People don’t live that way.   We turn on the dishwasher which uses electricity from the power company and water from the water utility and then wastewater goes down the sewer to be managed by the wastewater utility.   Then we put our trash on the curb for the solid waste utility to remove.  We get in a car which has been licensed by the DMV to drive on streets maintained by the City  and also County Transportation Departments (DOT) and then onto freeways maintained by the State DOT.  We drive to parks which we expect to be clean and safe.
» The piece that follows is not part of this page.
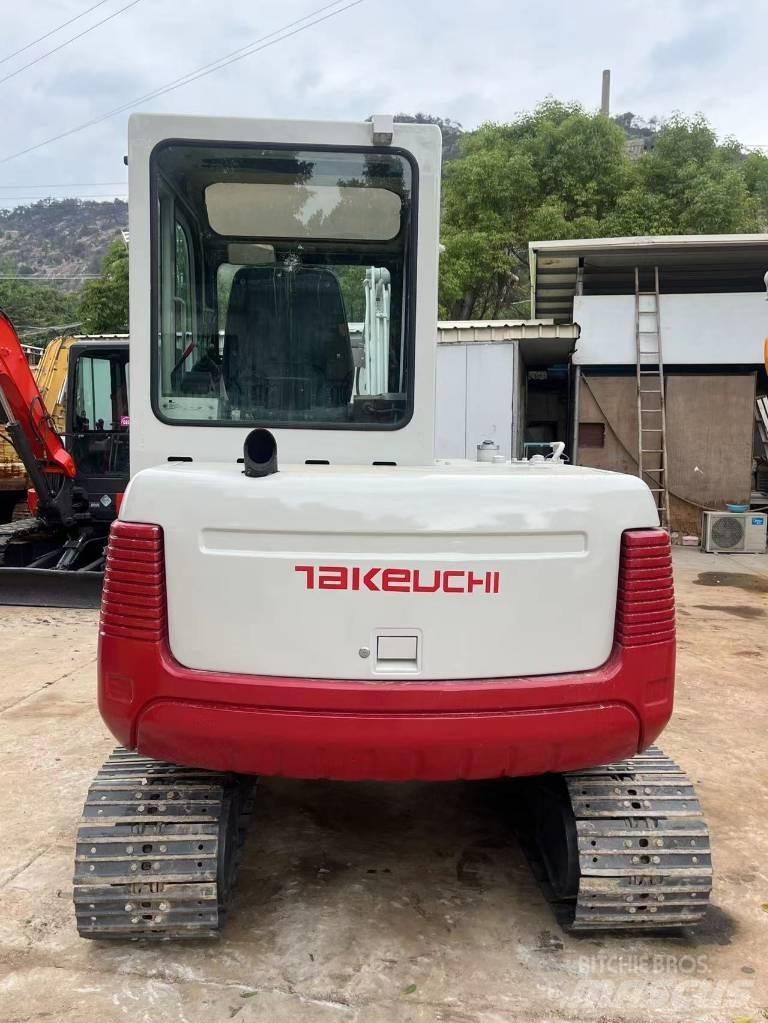 Takeuchi TB 160C Escavadoras de rastos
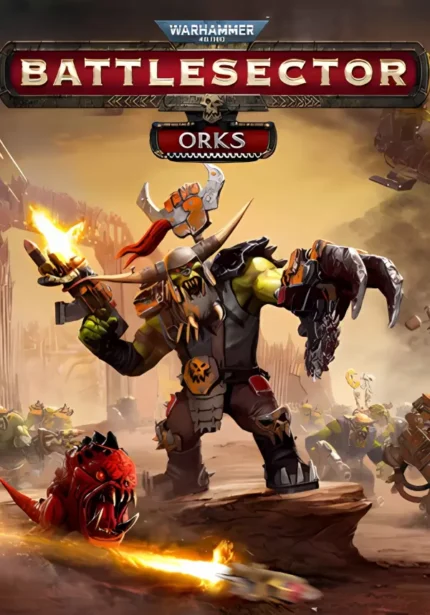Игра Warhammer 40,000: Battlesector – Orks (Steam; PC; Регион активации РФ+Страны СНГ)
If we crash into something we call 911 and expect the cops to show up and ticket the perpetrator who caused the crash and we want the fire department and paramedics there to extract us from our crushed vehicle.
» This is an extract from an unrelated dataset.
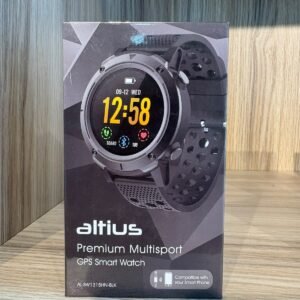 Altius Premium Multisport GPS Smart Watch – Iconic Solutions Sri Lanka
More importantly, many significant societal problems cannot be addressed by just one government function.  Crime is the most obvious, which isn’t so much a police problem as it is a problem with poor schools, jobs economic inequality plus inadequate support for healthcare and food.  Environmental issues are another example, where keeping Puget Sound (or any other body of water) clean is a matter not just for the “Department of Ecology” or “Environmental Protection Agency”.  Electric utilities (which often burn coal or oil in their generators), water and wastewater utilities, parks and recreation and natural resource departments all need to cooperate.

Our lives are a seamless continuum.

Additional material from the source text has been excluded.